It's not the radios, it's the portable/fluid nature of the equipment and operators.
Townships don't tend to invest in portable fault tolerant systems. Though post 9/11, a bunch of DHS money has gone into portable repeater trailers with powered extension towers on them.
The trouble is, in the case of a major/mass disaster there is higher potential for losing a singular resource that was the backup. With hams, you have people all over with their own radio equipment that is portable and often easily adapted for mobilized operations.
The whole concept is strength in numbers for redundancy.
In our local RACES we have radio equipment stashed all around the county, in addition to all our own equipment. Even if a severe hurricane struck the area, the likelihood is very high that a portable field ops station could be assembled and on the air in short order.
Locally, our amateur repeaters stay up on the air much more often than the municipal machines during severe storms and power outages. My local town's system goes down all the time due to power issues while my local repeater is always up.
Also municipal systems don't have the extra-regional capability that we do with HF NVIS comms (40m 75m).

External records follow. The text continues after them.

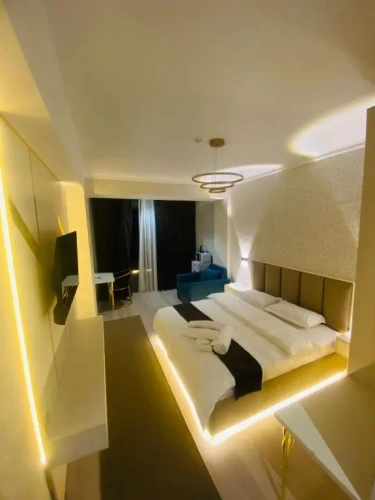 Deluxe Double room with city view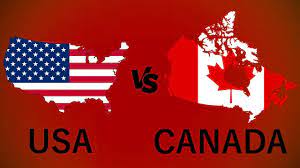 My girlfriend an i compare living in the u.s. Which Country Is Better To Live In Usa Or Canada Youtube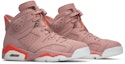 Cheap (Wanita) Aleali May x Air Jordan 6 Retro 'Millennial Pink' CI0550-600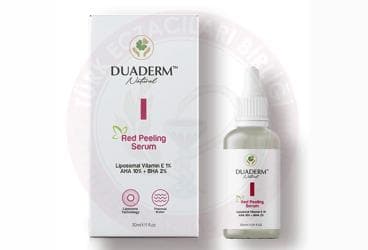 DUADERM RED PEELING SERUM 30 ml şişe İlaç Görseli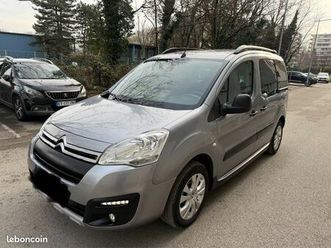 citroën berlingo phase 2 1.6 bluehdi 100cv crit’air 2 164000km d’origine multispace shine du 29/09/2017 bvm5
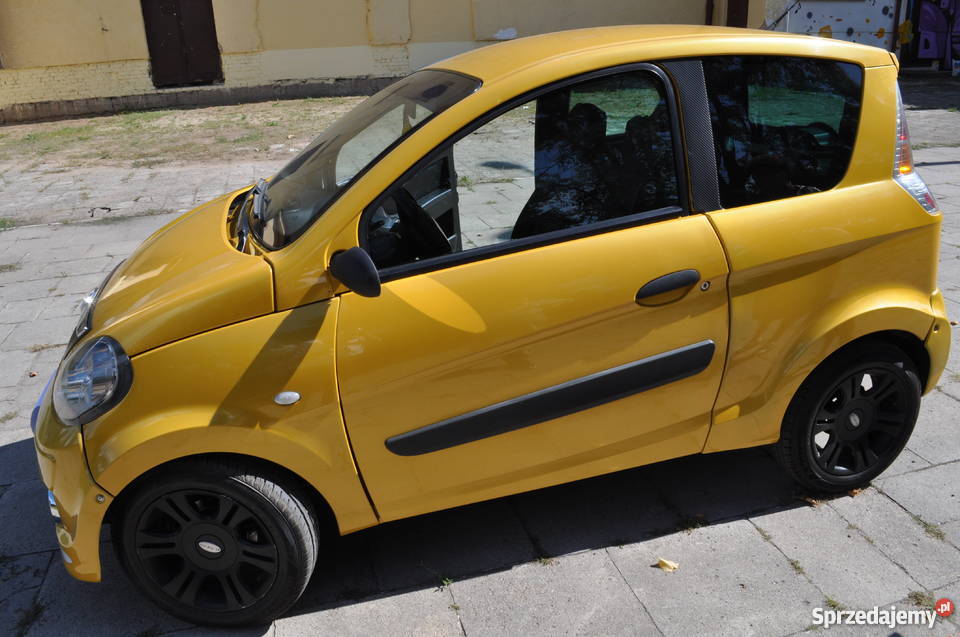 MICROCAR MGO SILNIK YANMAR 2009 R Aleksandrów Kujawski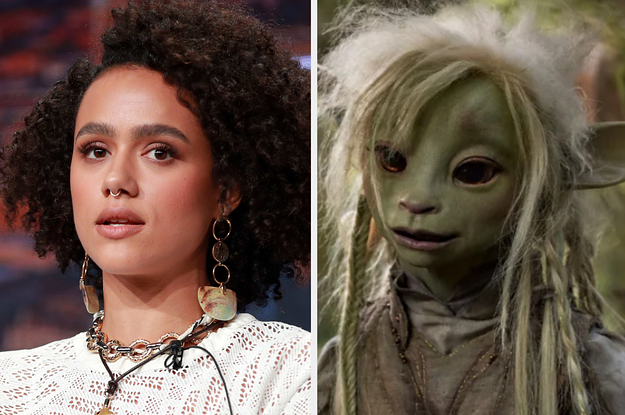 "The Dark Crystal: Age Of Resistance" Cast Vs Their Characters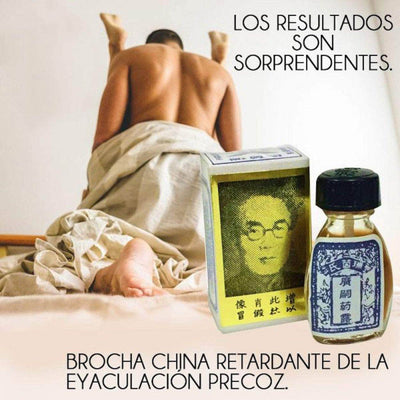 Retardante Pincelada China - Starsex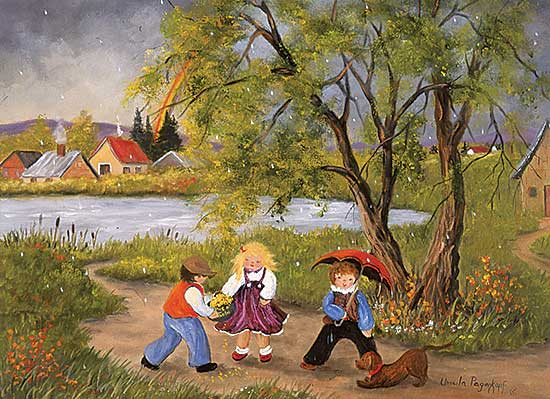 #100 ~ Pagenkopf - Once Upon a Fairytale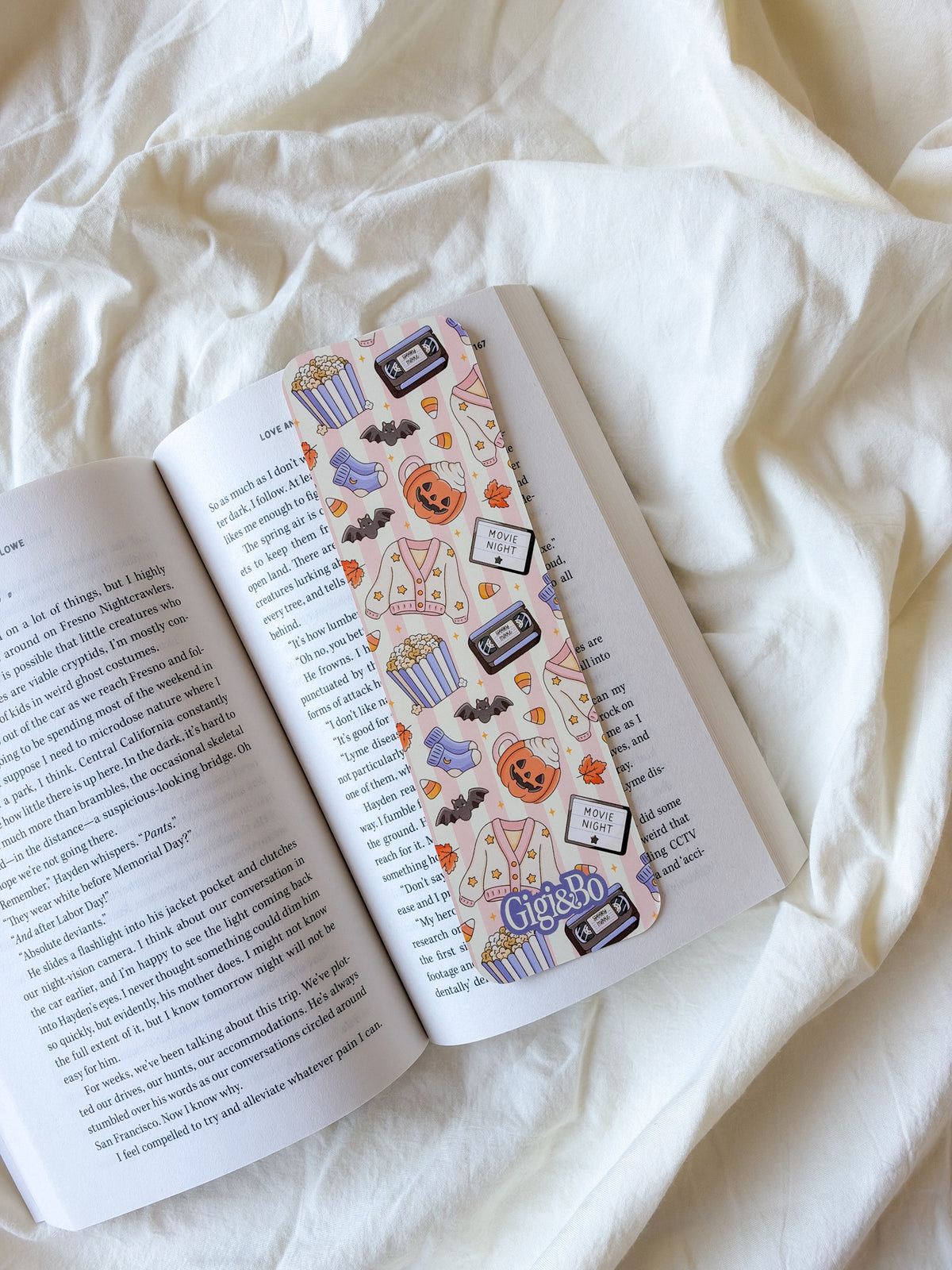 Movie Night Bookmark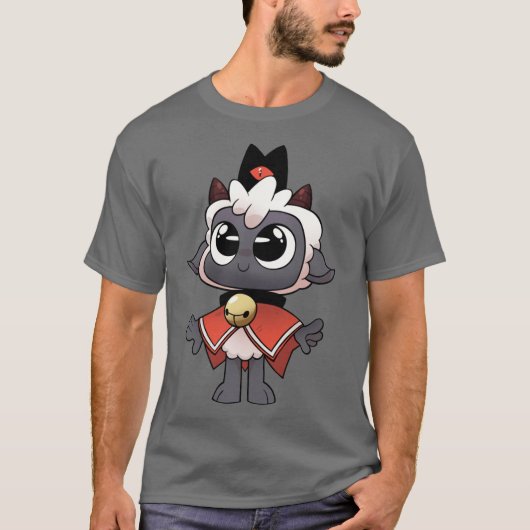 Cult of the Lamb vriend T-shirt (Voorkant)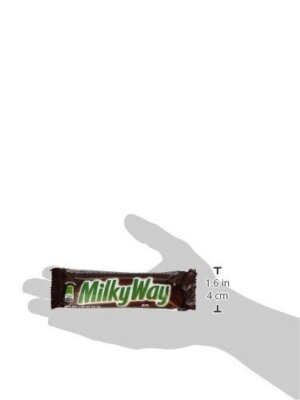 MILKY WAY Milk Chocolate Singles Size Candy Bars 1.84-Ounce 36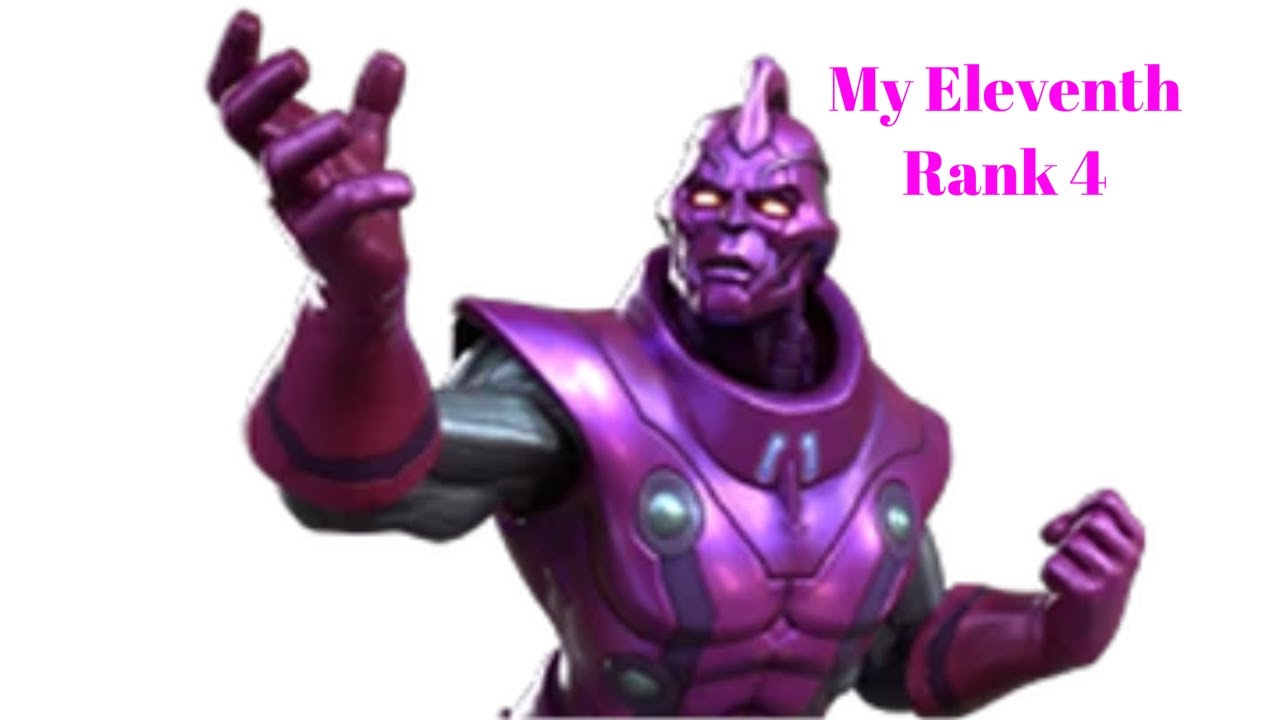 My Eleventh Rank 4...MCOC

So if an even was severe enough to knock out telephones and cellphones, we would be the only ones immediately available for this capability.
Yes there are military and government units that have all of this and much much more with satellite links, but it takes them days to get on location. RACES are who provide the initial communications capability until being relieved by other resources.
Hams operated at ground zero for many days because comms were so constrained and comms coordination was so strained. There was equipment all over, but the agencies didn't have it running properly until days later.
Most cities don't even have a significant staff of radio techs capable of managing the actual repeater configurations...that's all done by contractors now. Towns may have a few guys that program portables, but those guys don't know how to whip up an improvised repeater, nor do they have a bunch of them lying around.